# Building an Octane One Void (2019)



## Thefoodman52 (Nov 10, 2018)

Howdy, haven't been super active here. Most been invovled with older MTB builds and older road bikes. I rode an older DJ at the local pump track, fell in love, and CRC had a sale on these frames so I jumped on it.

I'm having one issue though. I cannot for the life of me find a bolt-on 10x135 rear wheel. Everything I can find is quick release, or it's a 12x142 thru axle, which seems like it's just too wide for the frame. From Octane's site, it says the rear horizontal dropouts are spaced for standard MTB 10x135 rears.

Noting that I have very little clue about anything to do with thru axles, thru bolts, etc., does anyone have an idea of where they can point me to look? I've built wheels before, so I'm open to the idea of just buying a hub and lacing my own wheel (again), however outright buying a wheel would be the preferred (lazier) route for me.

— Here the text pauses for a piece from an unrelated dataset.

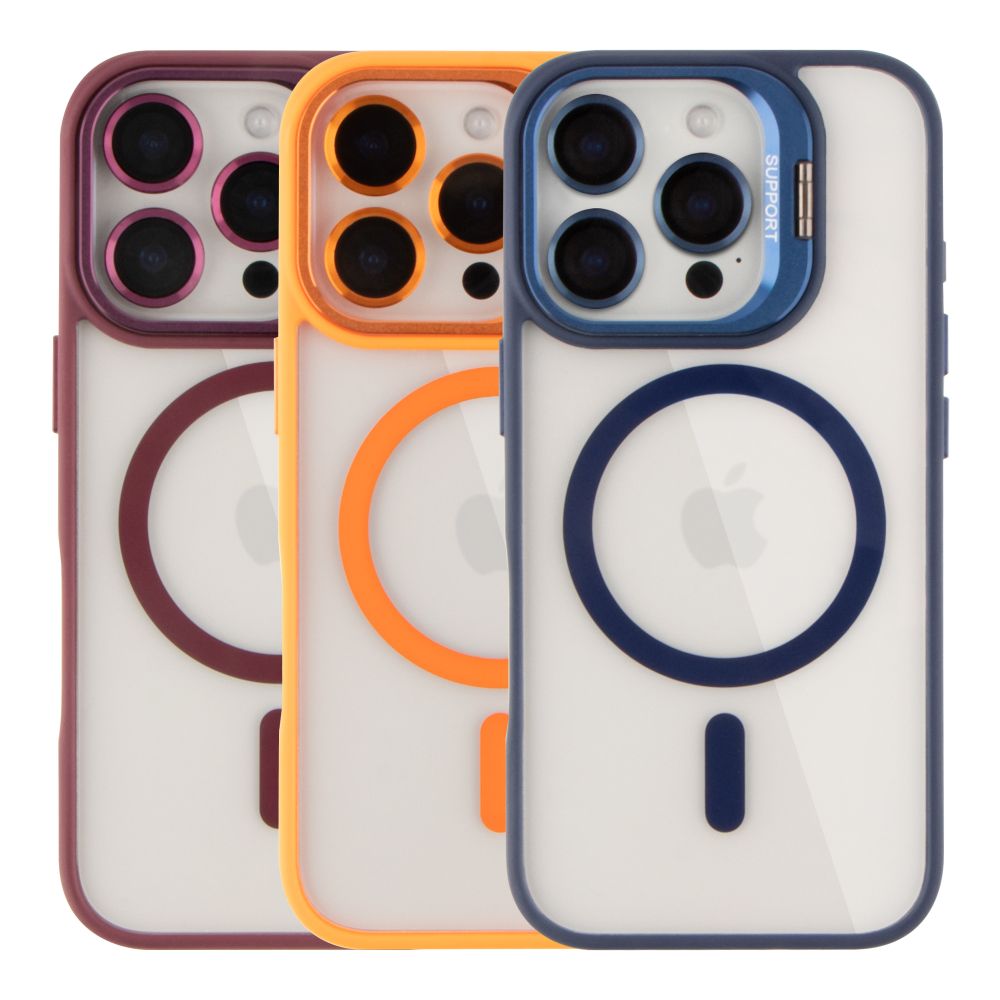 Купить ЧЕХОЛ TPU+PC+METAL STAND CASE WITH MAGSAFE AND CAMERA LENSES ДЛЯ IPHONE 16 PRO MAX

Bear in mind, this is a cheaper frame, with a straight steerer, and it'll likely just be getting a cheaper fork with a 9mm QR wheel up front. Not looking to spend a fortune on a top-tier rear wheel, but I have a decent budget for it.


----------



## Thefoodman52 (Nov 10, 2018)

Seems like the NS Rotary is my only option, unless I can just slap a solid 10x148mm steel axle into a regular QR wheel. Just have to find a loose-bearing rear wheel I suppose, unless someone has a better option.


----------



## sapva (Feb 20, 2017)

I have the same frame with a rigid 29'r 100mm width fork. Any bolt on hub will work provided it is the right width. The 10mm axle size is the same as bolt on 3/8" track hubs. Mine has 22mm wide XC 9mm QR wheels on it with MKS track tensioners in back. But the front skewer comes loose all the time and after two years the back wheel is starting to show signs of impending failure. Which is remarkable considering they are lightweight wheels with bladed spokes and what they have been put through, 4' drops to flat, dirt jumps, 7000 attempts at an endo 180. Given how hard it is to find that size, and the fact that most wheels are not built for that kind of abuse, I'm going to build my own with Formula hubs and nice wide Halo rims. Think this is what most people do for their DJ/Trials bikes. Any wheels built for that now is for through axle with the newer hub widths and crazy expensive.


----------